Input for this task:

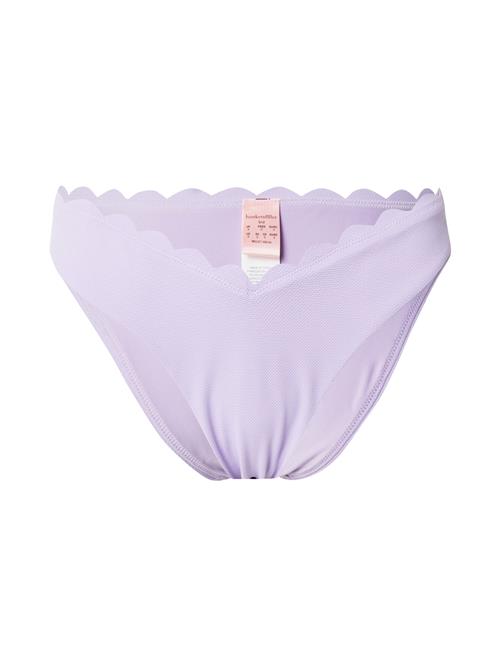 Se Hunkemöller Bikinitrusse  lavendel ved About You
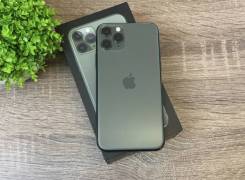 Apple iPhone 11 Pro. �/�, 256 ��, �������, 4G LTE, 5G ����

...

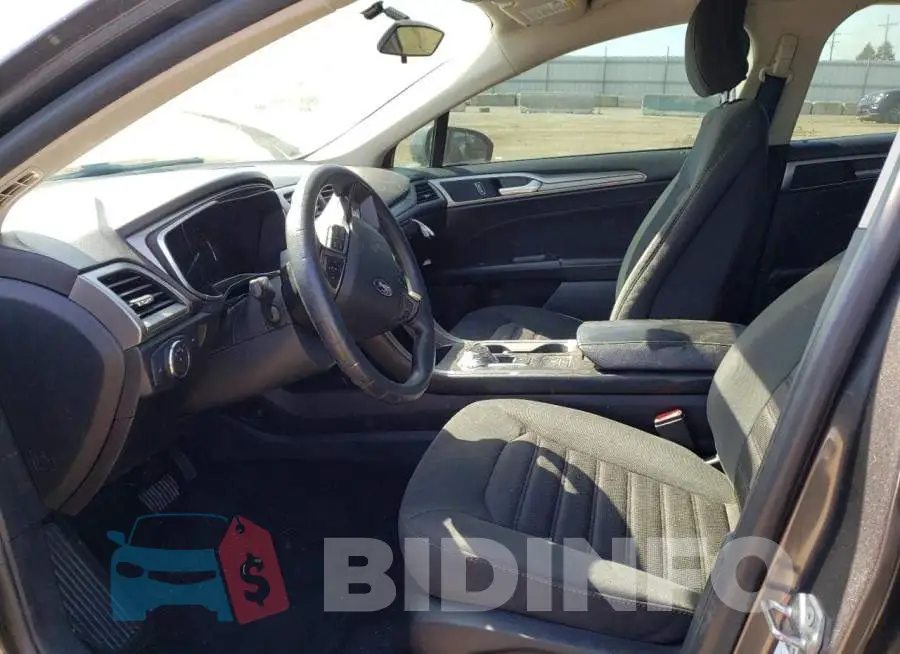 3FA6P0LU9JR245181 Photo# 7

...

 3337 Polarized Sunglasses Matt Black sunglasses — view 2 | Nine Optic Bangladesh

About this task:
Within the material above, find the part that opens with the line containing "Se Hunkemöller Bikinitrusse" and closes with the line containing "Apple iPhone 11", and reproduce it exactly without the pictures.

Answer box:
 Se Hunkemöller Bikinitrusse  lavendel ved About You
 Apple iPhone 11 Pro. �/�, 256 ��, �������, 4G LTE, 5G ����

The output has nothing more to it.